The people prior to this election who worried that impeachment would divide the Dems and inspire the Reps were 0-2 on that point.

It may be argued… though impossible to prove… that in a non-impeachment world yesterday may have been better for the R’s.

Leadership. It’s a thing, people.

It’s really the same sort of information that midterm elections and special elections give.

Like you just documented, first that even in an off year no governor’s race election turnout was big, and with Ds coming out to vote.

And then further analysis of where the votes will either support or go against various theories that inform moving forward. And I am very much looking forward to those analyses.

The initial take on this election (see 538’s first stab for example) is that suburban performance shifting very D-ward is the story line. And yes those are the seats that shifted. But I’d love to know how much the margins were in rural districts compared to 2015 or even 2016 and 2018. Yes the D more often lost there but was it by less? A lot less? Analysis of midterm results showed that there was a bigger shift in rural districts than in suburbs, even if majorities in those districts voted R. Like in other elections how the vote goes relative to the partisan lean (or past performance) tells us more about the national mood of the demographics.

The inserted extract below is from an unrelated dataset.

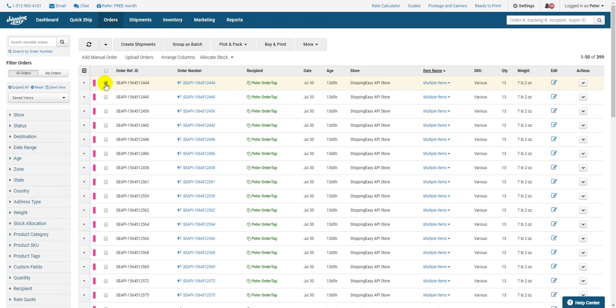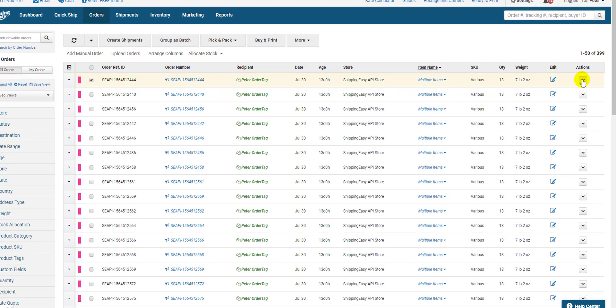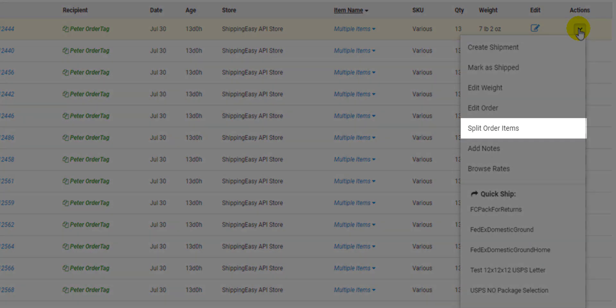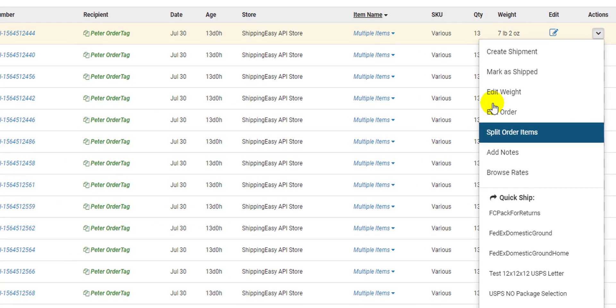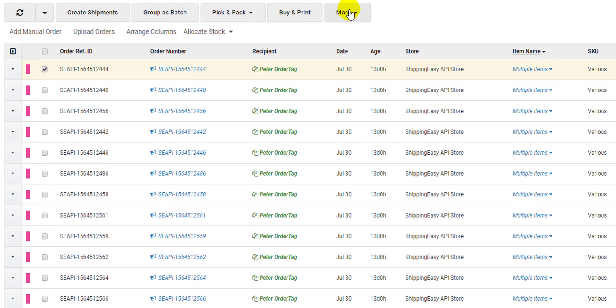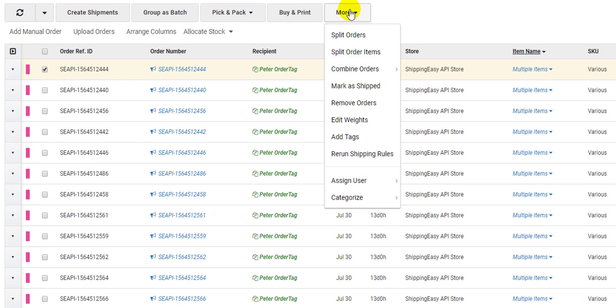Now you have a couple options on where you can select to split an order. You can select the actions dropdown to the right of the order here, or the more dropdown at the top. Once selected, you have two options on how you split orders.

Q: Election Day 2019. Will today’s results show how things are trending for next year?

A: We can project and predict all we want but IMHO we’re still too far out to do more than fantasize. Much unpleasant shit can materialize before then. Yes, IF nothing screws up the works THEN we can say, “Look at this trend!” without total discombobulation. But am I willing to place serious bets on 2020 outcomes? Not hardly.

It would take a mammoth shift in rural districts to make up for the shift in the suburbs: rural America just doesn’t have the population density, unless you’re talking about Wyoming or North Dakota. if we’ve got the cities and the suburbs, there just isn’t that much left over.

Here’s the totals I came up with from the numbers on the Virginia elections website - for whatever reason, I couldn’t get them to load into Excel at work, but I could at home, which made the arithmetic a lot easier. In the 40 Virginia Senate races, the Dems got 1.211 million votes, the GOP got 892,000 votes, and there were another 158,000 votes for third parties, independent candidates, and write-ins. (That a 57.6% share of the two-party vote turned into a mere 21-19 edge in the state Senate suggests that that body might be just a wee bit gerrymandered. But the Dems have full control through the end of 2021, so they get to draw the lines for the 2020s. But I digress.)

Democrats don’t outnumber Republicans by anywhere near that much in Virginia. But they showed up in big enough numbers to make it seem that way.

As Dr. Rachel Bitecofer summed things up in the Rolling Stone’s piece on the 2019 elections,

I haven’t seen the details behind the math yet but Dave Wasserman tweeted a couple of days ago that, had Virginia Repubs not gerrymandered so aggressively back in 2010, they would have held on to the state legislature this year. I’m hoping the same over aggression helps Dems in North Carolina next year.

We desperately need multi-member super districts as proposed in the Fair Representation Act to eliminate gerrymandering once and for all. Doing so will make us a better country.

Bevin conceded, closing out the last big question re: the 2019 races.